YOUR INSTRUCTIONS:
With the pictures removed, the data below must be transcribed in full and exactly.

DATA EXTRACT:
* * * * * * *
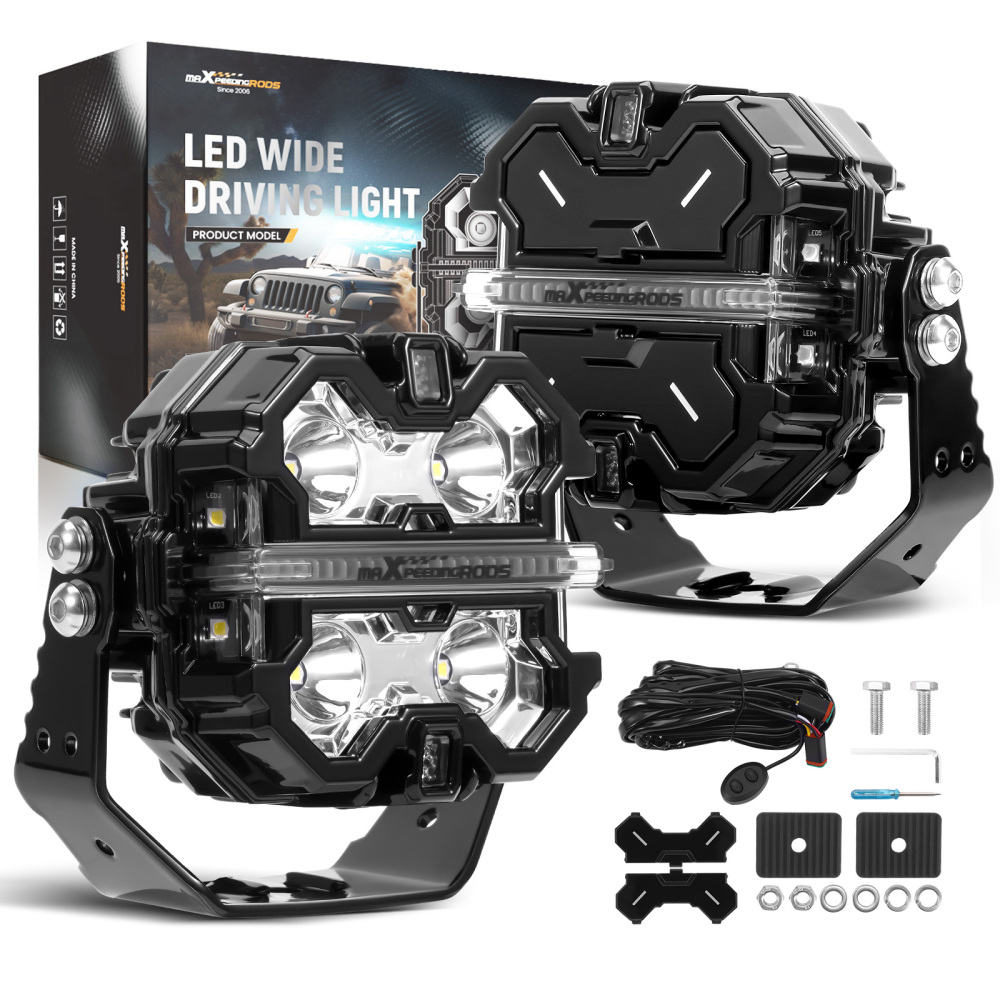 160W LED Pod Lights For Off Road 3.5 Spot Beam DRL compatible for White Amber 270° IP68 6000K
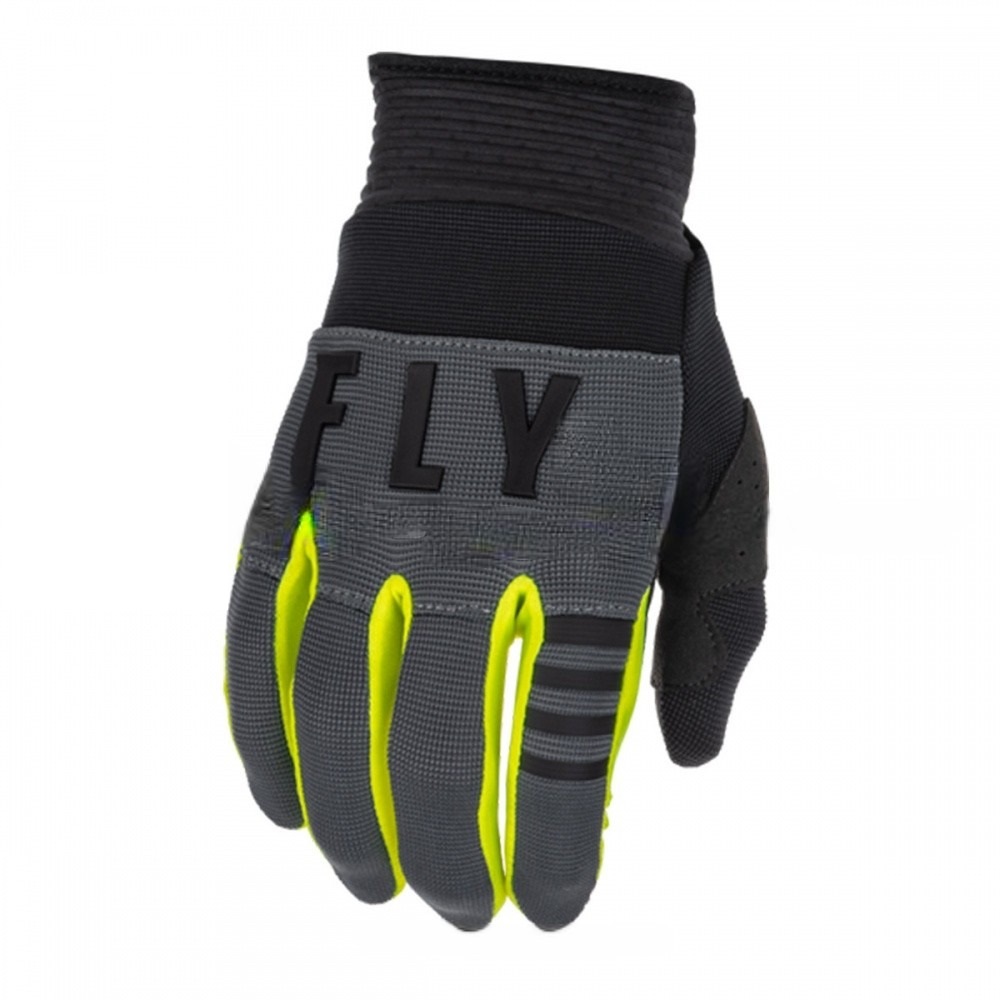 перчатки fly racing f-16 серые/черные/hi-vis желтые 2022 9 m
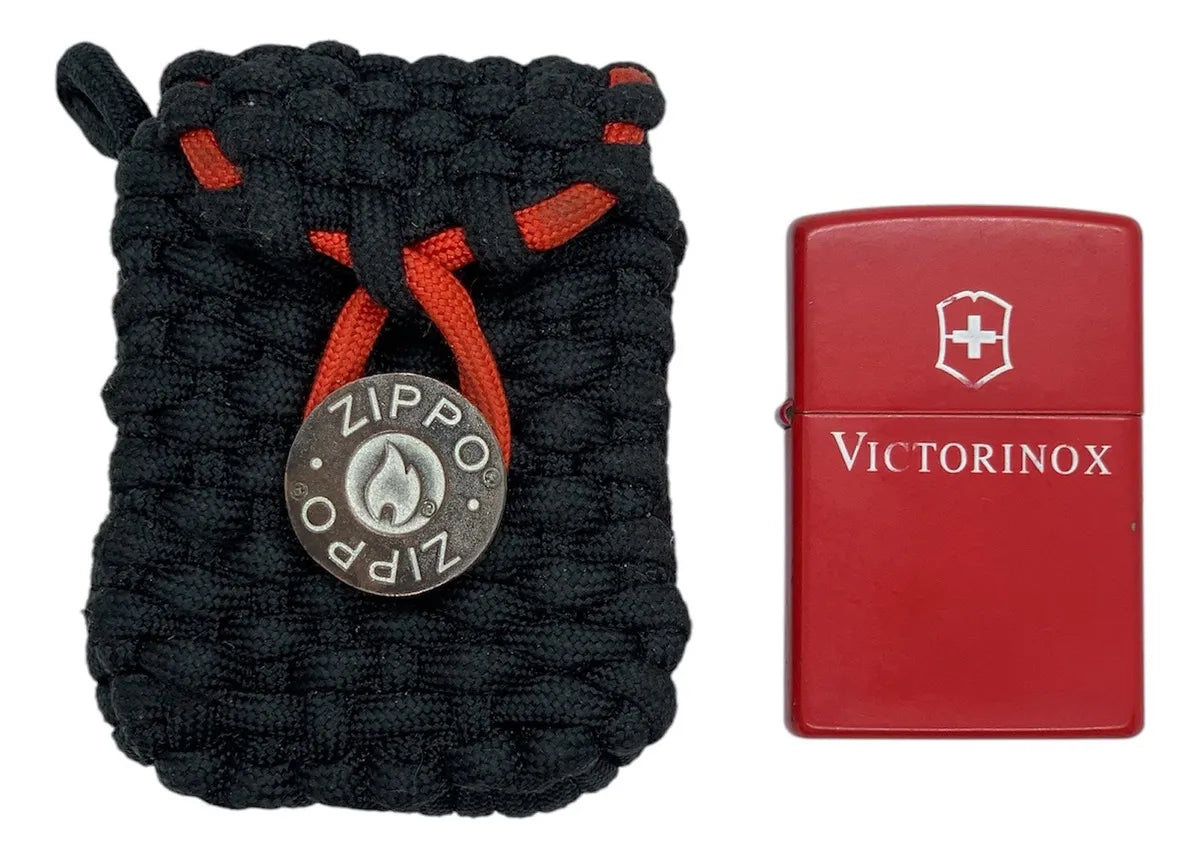 Funda Zippo Naylon Paracord Con Presilla Cinturon U S A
* * * * * * *
YOUR SOLUTION:
 160W LED Pod Lights For Off Road 3.5 Spot Beam DRL compatible for White Amber 270° IP68 6000K
 перчатки fly racing f-16 серые/черные/hi-vis желтые 2022 9 m
 Funda Zippo Naylon Paracord Con Presilla Cinturon U S A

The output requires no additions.